A closer view of the summit. This is the eastern side. Right besides the edge is the ancient temple. Off late there has been a lot of construction work to create a safe flat space for visitors. That's convenience at the cost of natural beauty. Also, I heard that state government has approved a ropeway system supposed to commence construction in Sept 2025. Personally I consider it as a step towards messing around the sanctity & natural beauty of this holy & beautiful place.

The south-south-westerly view. Here you can see the temple perched close to the cliff. I've visited this place five times. The most memorable visit was the one first time. It was a Saturday, almost evening. It We had climbed bare staircase, seen the sun sink into the hazy horizon. At the temple we had had a peaceful darshan of the deities. I'd seen the head Baba have tea and asked him if we too get tea. Without hesitation the Baba asked one of his juniors to fetch tea from the kitchen. That was one of the best cups of tea ever.

Pushpa and I had come here again in Aug 2017. During that time, it was an uncomfortable climb due to crushed stones littered on the steps.. side walls were being constructed. The next visit was in Dec 2024, this time there was fabricated steel roof for the staircase and a huge vehicle parking lot. So many changes in 12+ years. As if that's not enough, now there's a plan for ropeway system. Aagh!

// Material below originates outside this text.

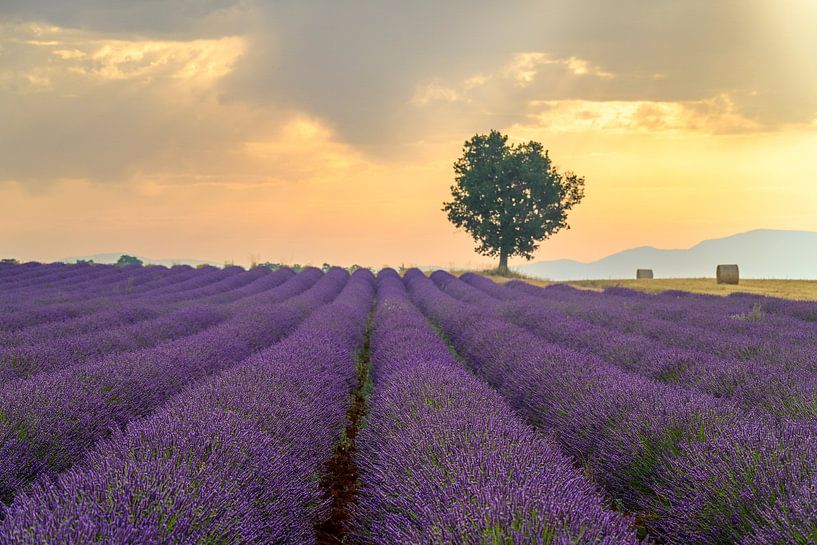 Lavendelblüte in der Provence bei Sonnenaufgang von Sjoerd van der Wal Fotografie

After a couple flights, I pack up my DHI Mini 2 and head towards Anjanadri. We park Deepak's Brio at the parking place and pick a road side eatery dishing out hot idli and paddu. At home we have a 7 paddu pan. Here I saw a 27 paddu-pan. The sight of the eatery guy pouring out dough and prying out paddu was a captivating sight.

The final destination of our trip Onake Kindi was just 3 km away. Onake Kindi is a natural fort meaning it a natural rock formation with a clearing in the center. For us, the only way to reach the clearing is through a narrow passage which is well concealed. This picture was shot pointing at the entrance but a stranger won't even be able to spot the passage. Back in the 2010s there wasn't any tourism board here. Now we have one, seems like a recent addition.

The gates were locked. I wanted Deepak to see this historic site and didn't mind waiting. We saw a man riding a moped, I waved at him and asked about the caretaker. The man happened to be a friend of the caretaker, they spoke on the phone and we were assured that he would arrive in few minutes.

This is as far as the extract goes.